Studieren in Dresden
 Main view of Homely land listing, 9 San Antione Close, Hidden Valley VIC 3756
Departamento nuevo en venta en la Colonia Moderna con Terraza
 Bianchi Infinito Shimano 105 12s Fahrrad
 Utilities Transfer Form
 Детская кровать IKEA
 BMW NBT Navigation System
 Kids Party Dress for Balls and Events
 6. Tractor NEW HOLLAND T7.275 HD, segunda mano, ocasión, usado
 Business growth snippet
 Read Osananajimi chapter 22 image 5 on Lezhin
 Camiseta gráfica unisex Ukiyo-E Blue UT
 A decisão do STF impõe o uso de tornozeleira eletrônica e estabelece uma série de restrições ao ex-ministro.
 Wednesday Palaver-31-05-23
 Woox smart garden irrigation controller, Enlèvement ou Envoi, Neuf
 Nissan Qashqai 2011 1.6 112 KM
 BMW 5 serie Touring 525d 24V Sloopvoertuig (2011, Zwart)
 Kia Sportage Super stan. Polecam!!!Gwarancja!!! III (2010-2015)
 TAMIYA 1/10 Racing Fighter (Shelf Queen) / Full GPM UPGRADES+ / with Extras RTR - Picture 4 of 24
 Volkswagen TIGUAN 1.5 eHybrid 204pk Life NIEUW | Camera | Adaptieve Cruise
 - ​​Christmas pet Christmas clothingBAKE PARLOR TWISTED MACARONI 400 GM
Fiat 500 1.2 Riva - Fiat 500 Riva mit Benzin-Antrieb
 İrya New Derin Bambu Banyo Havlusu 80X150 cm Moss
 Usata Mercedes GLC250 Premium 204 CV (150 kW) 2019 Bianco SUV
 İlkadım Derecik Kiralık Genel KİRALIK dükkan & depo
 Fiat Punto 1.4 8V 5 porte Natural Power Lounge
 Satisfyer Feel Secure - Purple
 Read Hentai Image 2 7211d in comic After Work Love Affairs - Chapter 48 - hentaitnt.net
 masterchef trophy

—————

• **About this exercise**
Both ends count here. Reproduce exactly the lines from the one containing "BMW 5 serie" through the end of the listing.

• **Reply**
 BMW 5 serie Touring 525d 24V Sloopvoertuig (2011, Zwart)
 Kia Sportage Super stan. Polecam!!!Gwarancja!!! III (2010-2015)
 TAMIYA 1/10 Racing Fighter (Shelf Queen) / Full GPM UPGRADES+ / with Extras RTR - Picture 4 of 24
 Volkswagen TIGUAN 1.5 eHybrid 204pk Life NIEUW | Camera | Adaptieve Cruise
 - ​​Christmas pet Christmas clothingBAKE PARLOR TWISTED MACARONI 400 GM
Fiat 500 1.2 Riva - Fiat 500 Riva mit Benzin-Antrieb
 İrya New Derin Bambu Banyo Havlusu 80X150 cm Moss
 Usata Mercedes GLC250 Premium 204 CV (150 kW) 2019 Bianco SUV
 İlkadım Derecik Kiralık Genel KİRALIK dükkan & depo
 Fiat Punto 1.4 8V 5 porte Natural Power Lounge
 Satisfyer Feel Secure - Purple
 Read Hentai Image 2 7211d in comic After Work Love Affairs - Chapter 48 - hentaitnt.net
 masterchef trophy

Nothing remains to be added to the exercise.